> _Your goal_
From the line containing "Sahibinden Ford Focus" down to the final line of the entries below, return each line exactly and drop the pictures.

>>>>

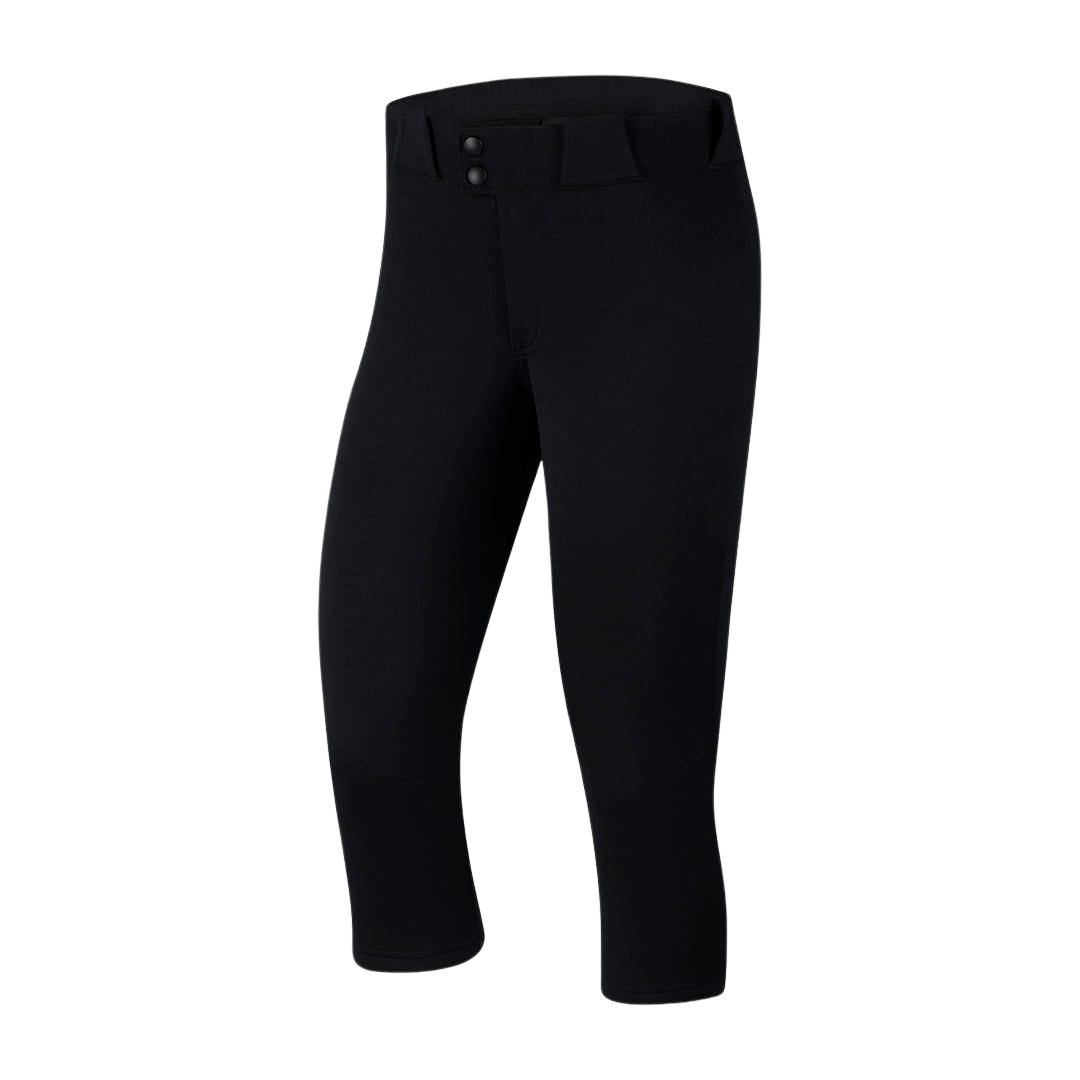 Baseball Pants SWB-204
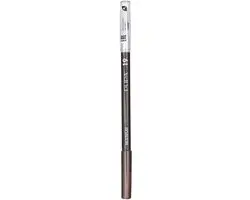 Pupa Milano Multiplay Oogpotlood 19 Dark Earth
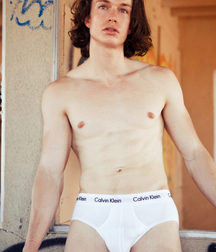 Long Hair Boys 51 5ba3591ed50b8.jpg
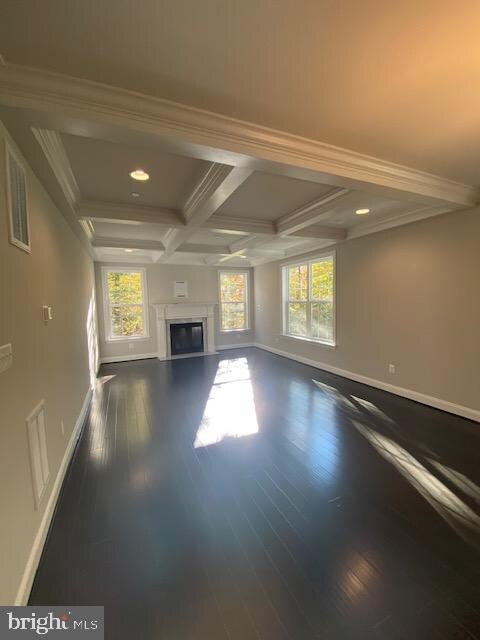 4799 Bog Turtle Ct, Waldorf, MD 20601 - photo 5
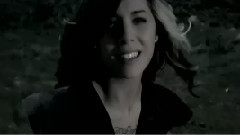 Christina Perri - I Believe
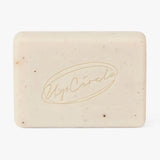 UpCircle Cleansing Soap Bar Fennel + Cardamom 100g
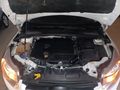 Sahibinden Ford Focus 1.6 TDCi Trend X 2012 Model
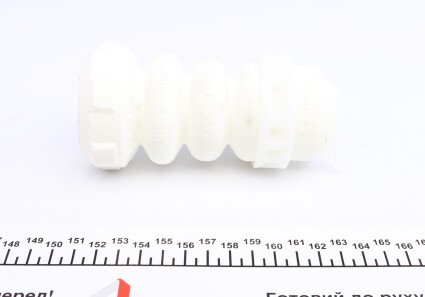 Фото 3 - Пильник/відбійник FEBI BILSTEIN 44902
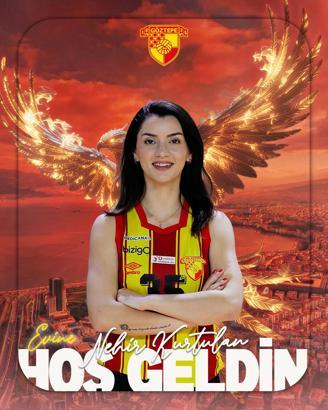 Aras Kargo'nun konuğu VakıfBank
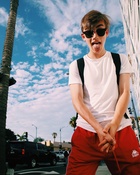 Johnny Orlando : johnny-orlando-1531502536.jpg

<<<<

> _Answer to the problem_
 Sahibinden Ford Focus 1.6 TDCi Trend X 2012 Model
 Фото 3 - Пильник/відбійник FEBI BILSTEIN 44902
 Aras Kargo'nun konuğu VakıfBank
 Johnny Orlando : johnny-orlando-1531502536.jpg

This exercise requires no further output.